(1.) The present appeal has been filed against the orders of the District Forum-I dated the 9th January, 1995, passed in Complaint Case No.3186/93 entitled Smt. Santosh Kumari V/s. The Chairman, M/s. Ispat Alloys Ltd. and Ors.
(2.) In brief, the facts, relevant, are that the appellant had filed a complaint under Sec.12 of the Consumer Protection Act, 1986 (hereinafter referred to as 'the Act'), stating therein that the appellant/complainant was the holder of 100 Part B secured fully Convertible Debentures of M/s. Ispat Alloys Limited (respondent) @ Rs.160/- each. In the month of December, 1992, the appellant received a letter of option dated 24.12.1992 alongwith Consent Form, from the respondents for conveying her consent for conversion of Part B 14% Convertible Debentures either into non-convertible 14% secured Debentures or equity shares. The appellant, as per requirements, sent the said Consent Form alongwith 100 Part B Convertible Debentures to the respondent No.4 on 4.2.1993 under registered cover vide Postal Receipt No.295 alongwith forwarding letter indicating the appellant's option for conversion of Part B 14% Convertible Debentures into 14% secured Non-convertible Debentures. However, respondents 1 to 3 instead of converting the Debentures of appellant into Non-convertible Debentures as per appellant's option, sent 640 equity shares of Rs.10/- each vide their letter dated 22.2.1993. The said shares of Rs.10/- were supplied to the appellant @ Rs.25/- per share whereas, the rate of the share in the Calcutta Stock Exchange, was only Rs.15/- or so. It was the case of the appellant that she had been cheated by the respondents by converting her 100 Part B Convertible Debentures of Rs.160/- each into 640 equity shares of Rs.10/- each and thus, had incurred a loss of Rs.9,600/- being the difference in the price of the 14% Part B Convertible Debentures worth Rs.16,000/- and the price of the equity shares amounting to Rs.6,400/-. It was, therefore, prayed by the appellant in her complaint that the respondents be directed to refund the price of 100 Debentures alongwith interest and damages to the appellant.

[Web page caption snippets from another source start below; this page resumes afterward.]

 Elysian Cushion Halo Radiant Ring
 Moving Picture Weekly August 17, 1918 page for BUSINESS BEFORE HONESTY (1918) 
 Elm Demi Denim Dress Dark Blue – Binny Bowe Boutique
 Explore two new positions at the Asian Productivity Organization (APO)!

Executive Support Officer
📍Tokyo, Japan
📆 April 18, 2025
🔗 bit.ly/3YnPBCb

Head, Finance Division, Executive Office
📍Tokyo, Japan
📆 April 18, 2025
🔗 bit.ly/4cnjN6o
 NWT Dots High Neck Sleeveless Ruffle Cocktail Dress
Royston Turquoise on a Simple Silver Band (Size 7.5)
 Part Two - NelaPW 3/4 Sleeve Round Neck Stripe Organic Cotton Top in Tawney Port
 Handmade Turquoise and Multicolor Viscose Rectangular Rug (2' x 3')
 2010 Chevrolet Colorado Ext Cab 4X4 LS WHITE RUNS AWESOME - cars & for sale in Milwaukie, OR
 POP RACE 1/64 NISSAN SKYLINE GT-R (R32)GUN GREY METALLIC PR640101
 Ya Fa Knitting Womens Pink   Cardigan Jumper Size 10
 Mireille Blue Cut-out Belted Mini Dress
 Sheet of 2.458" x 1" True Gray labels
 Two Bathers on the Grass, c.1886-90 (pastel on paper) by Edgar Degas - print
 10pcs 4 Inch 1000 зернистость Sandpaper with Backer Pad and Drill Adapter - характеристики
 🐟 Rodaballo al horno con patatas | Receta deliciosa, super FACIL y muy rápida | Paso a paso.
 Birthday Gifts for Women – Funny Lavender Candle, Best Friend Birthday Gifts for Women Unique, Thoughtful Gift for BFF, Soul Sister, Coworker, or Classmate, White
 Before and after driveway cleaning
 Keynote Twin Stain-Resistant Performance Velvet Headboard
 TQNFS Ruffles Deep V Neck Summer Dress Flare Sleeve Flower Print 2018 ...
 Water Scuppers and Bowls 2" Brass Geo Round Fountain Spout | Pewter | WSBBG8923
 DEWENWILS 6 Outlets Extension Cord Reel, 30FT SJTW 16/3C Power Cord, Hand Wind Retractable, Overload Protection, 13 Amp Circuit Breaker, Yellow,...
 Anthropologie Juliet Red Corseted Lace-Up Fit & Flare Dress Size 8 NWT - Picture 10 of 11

(3.) The defence of the respondents, in the written version/reply filed before the District Forum, was that the Convertible Debentures of respondent No.1, were convertible subject to the exercise of option by the concerned holder to that effect either into Non-convertible Debentures or equity shares and that the exercise of option was subject to the condition that it should reach the hands of the office of M/s. Computech International Limited (respondent No.4) by 10.2.1993. It was also stated that mere exercise of option was not enough and that it was clearly mentioned in the option form that unless the same is delivered at or reaches the correct address within the appointed time, the Company would proceed to allot equity shares in lieu of Convertible Debentures. It was further stated by the respondent Nos.1 to 3 that the option form of the appellant did not reach the respondents by the due date, i. e.10.2.1993 and as such, the respondents had converted the same into equity shares and, therefore, there was no malafide intention on their part.